Version to 1.15.1. Clean and extend agent tools. Small fix to discovery error handling.

monoxgas · monoxgas · commit 55072bb9d5e9 · 2025-10-28T01:01:29.000-06:00
diff --git a/dreadnode/agent/tools/__init__.py b/dreadnode/agent/tools/__init__.py
@@ -16,7 +16,7 @@
 )
 
 if t.TYPE_CHECKING:
-    from dreadnode.agent.tools import fs, planning, reporting, tasking
+    from dreadnode.agent.tools import execute, fs, memory, planning, reporting, tasking
 
 __all__ = [
     "AnyTool",
@@ -28,15 +28,17 @@
     "ToolMode",
     "Toolset",
     "discover_tools_on_obj",
+    "execute",
     "fs",
+    "memory",
     "planning",
     "reporting",
     "tasking",
     "tool",
     "tool_method",
 ]
 
-__lazy_submodules__: list[str] = ["fs", "planning", "reporting", "tasking"]
+__lazy_submodules__: list[str] = ["fs", "planning", "reporting", "tasking", "execute", "memory"]

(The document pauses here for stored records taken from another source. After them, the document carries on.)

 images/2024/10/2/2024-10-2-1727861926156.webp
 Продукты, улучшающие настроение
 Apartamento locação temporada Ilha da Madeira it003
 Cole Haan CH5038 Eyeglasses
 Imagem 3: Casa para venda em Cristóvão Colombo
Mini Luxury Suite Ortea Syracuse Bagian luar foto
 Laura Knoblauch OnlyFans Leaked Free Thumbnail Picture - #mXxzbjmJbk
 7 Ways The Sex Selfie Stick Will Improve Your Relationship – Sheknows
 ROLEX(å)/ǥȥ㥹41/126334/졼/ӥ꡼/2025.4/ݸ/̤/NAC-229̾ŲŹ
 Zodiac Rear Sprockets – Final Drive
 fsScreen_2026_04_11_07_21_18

 __lazy_components__: dict[str, str] = {}
 
 
diff --git a/dreadnode/agent/tools/execute.py b/dreadnode/agent/tools/execute.py
@@ -0,0 +1,111 @@
+import asyncio
+import contextlib
+import sys
+
+from loguru import logger
+
+from dreadnode.agent.tools.base import tool
+
+
+@tool(catch=True)
+async def command(
+    cmd: list[str],
+    *,
+    timeout: int = 120,
+    cwd: str | None = None,
+    env: dict[str, str] | None = None,
+) -> str:
+    """
+    Execute a shell command.
+
+    Use this tool to run system utilities and command-line programs (e.g., `ls`, `cat`, `grep`). \
+    It is designed for straightforward, single-shot operations and returns the combined output and error streams.
+
+    ## Best Practices
+    - Argument Format: The command and its arguments *must* be provided as a \
+    list of strings (e.g., `["ls", "-la", "/tmp"]`), not as a single string.

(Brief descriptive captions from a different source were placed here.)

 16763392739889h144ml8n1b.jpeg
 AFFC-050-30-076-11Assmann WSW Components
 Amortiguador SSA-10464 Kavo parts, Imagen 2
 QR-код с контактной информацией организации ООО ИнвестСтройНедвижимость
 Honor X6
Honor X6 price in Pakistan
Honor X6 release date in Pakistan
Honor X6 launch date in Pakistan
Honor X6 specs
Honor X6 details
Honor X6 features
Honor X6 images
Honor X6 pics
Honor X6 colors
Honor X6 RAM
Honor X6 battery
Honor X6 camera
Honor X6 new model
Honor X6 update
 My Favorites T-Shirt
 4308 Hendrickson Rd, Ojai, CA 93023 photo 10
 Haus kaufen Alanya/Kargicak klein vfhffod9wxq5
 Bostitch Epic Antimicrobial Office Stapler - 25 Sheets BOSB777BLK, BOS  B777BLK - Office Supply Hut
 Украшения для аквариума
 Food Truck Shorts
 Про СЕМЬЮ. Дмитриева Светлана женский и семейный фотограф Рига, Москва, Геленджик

+    - No Shell Syntax: Does not use a shell. Features like pipes (`|`), \
+    redirection (`>`), and variable expansion (`$VAR`) are not supported.

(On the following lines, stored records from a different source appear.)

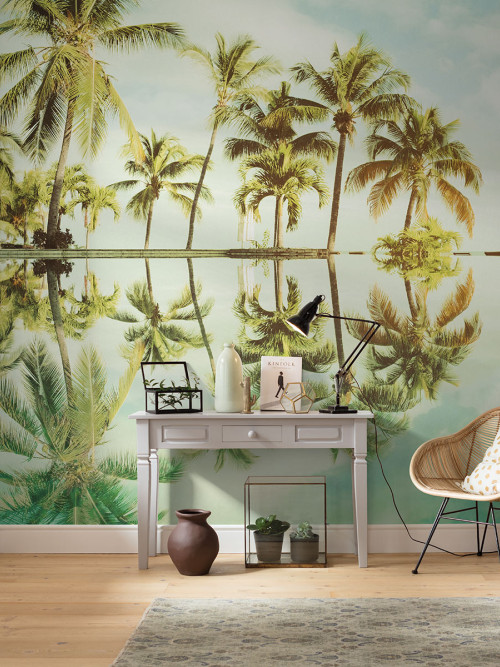 Key West - Slider Item - View 1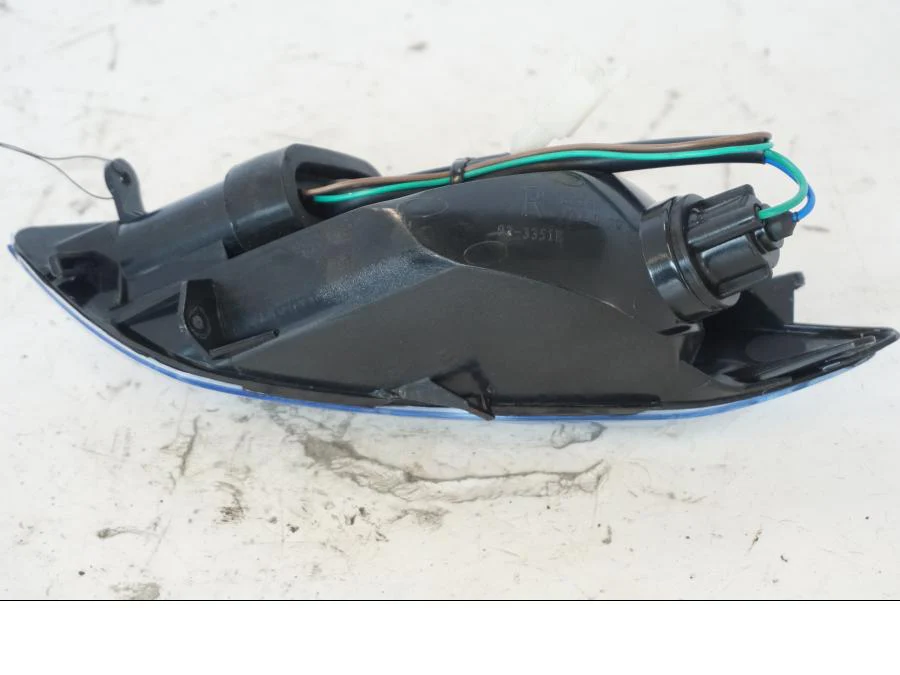 Blinkers - Image 7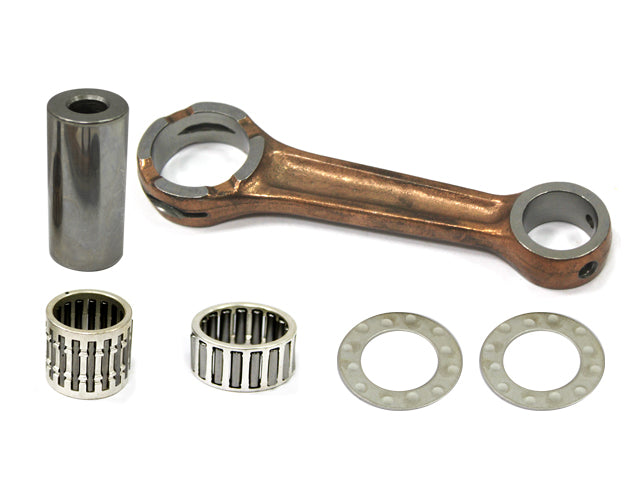 POLARIS SPORT [2000] - Connecting rod set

+    - Error on Failure: The tool will raise a `RuntimeError` if the command returns a non-zero exit code.
+
+    Args:
+        cmd: The command to execute, provided as a list of strings.
+        timeout: Maximum time in seconds to allow for command execution.
+        cwd: The working directory in which to execute the command.
+        env: Optional environment variables to set for the command.
+    """
+    try:
+        command_str = " ".join(cmd)
+        logger.debug(f"Executing '{command_str}'")
+        proc = await asyncio.create_subprocess_exec(
+            *cmd,
+            stdout=asyncio.subprocess.PIPE,
+            stderr=asyncio.subprocess.PIPE,
+            env=env,
+            cwd=cwd,
+        )
+        stdout, stderr = await asyncio.wait_for(proc.communicate(), timeout=timeout)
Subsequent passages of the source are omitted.